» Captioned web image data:
--------------------------------
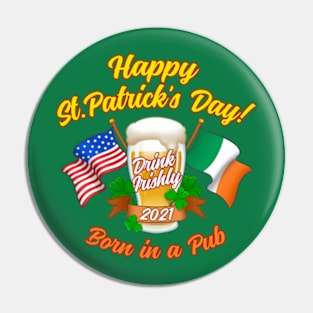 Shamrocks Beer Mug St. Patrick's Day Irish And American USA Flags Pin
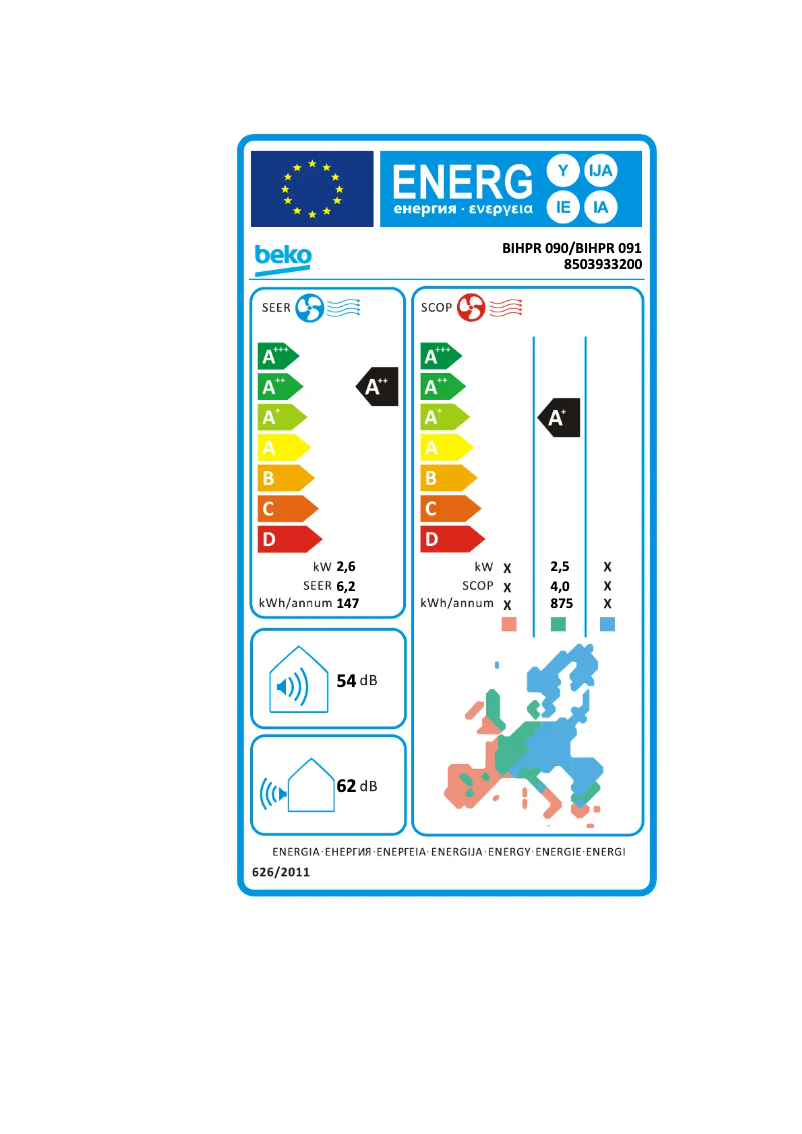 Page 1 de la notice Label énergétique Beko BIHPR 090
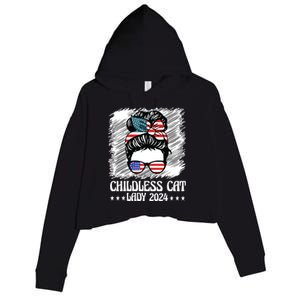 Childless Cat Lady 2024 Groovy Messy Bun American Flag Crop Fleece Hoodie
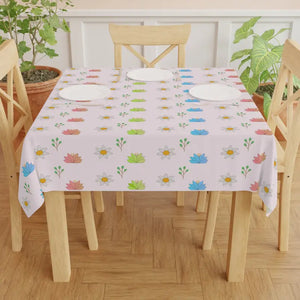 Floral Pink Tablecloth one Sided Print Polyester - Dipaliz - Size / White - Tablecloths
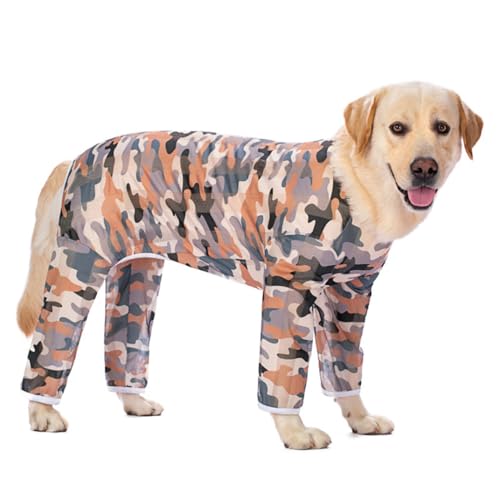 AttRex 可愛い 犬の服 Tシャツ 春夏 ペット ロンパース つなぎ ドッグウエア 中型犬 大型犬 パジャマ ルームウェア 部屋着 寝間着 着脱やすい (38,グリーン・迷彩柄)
--------------------------------
» What you are asked to do:
Output a precise copy of the entries, leaving the images out.

» Output for this task:
 Shamrocks Beer Mug St. Patrick's Day Irish And American USA Flags Pin
 Page 1 de la notice Label énergétique Beko BIHPR 090
 Childless Cat Lady 2024 Groovy Messy Bun American Flag Crop Fleece Hoodie
 Floral Pink Tablecloth one Sided Print Polyester - Dipaliz - Size / White - Tablecloths
 AttRex 可愛い 犬の服 Tシャツ 春夏 ペット ロンパース つなぎ ドッグウエア 中型犬 大型犬 パジャマ ルームウェア 部屋着 寝間着 着脱やすい (38,グリーン・迷彩柄)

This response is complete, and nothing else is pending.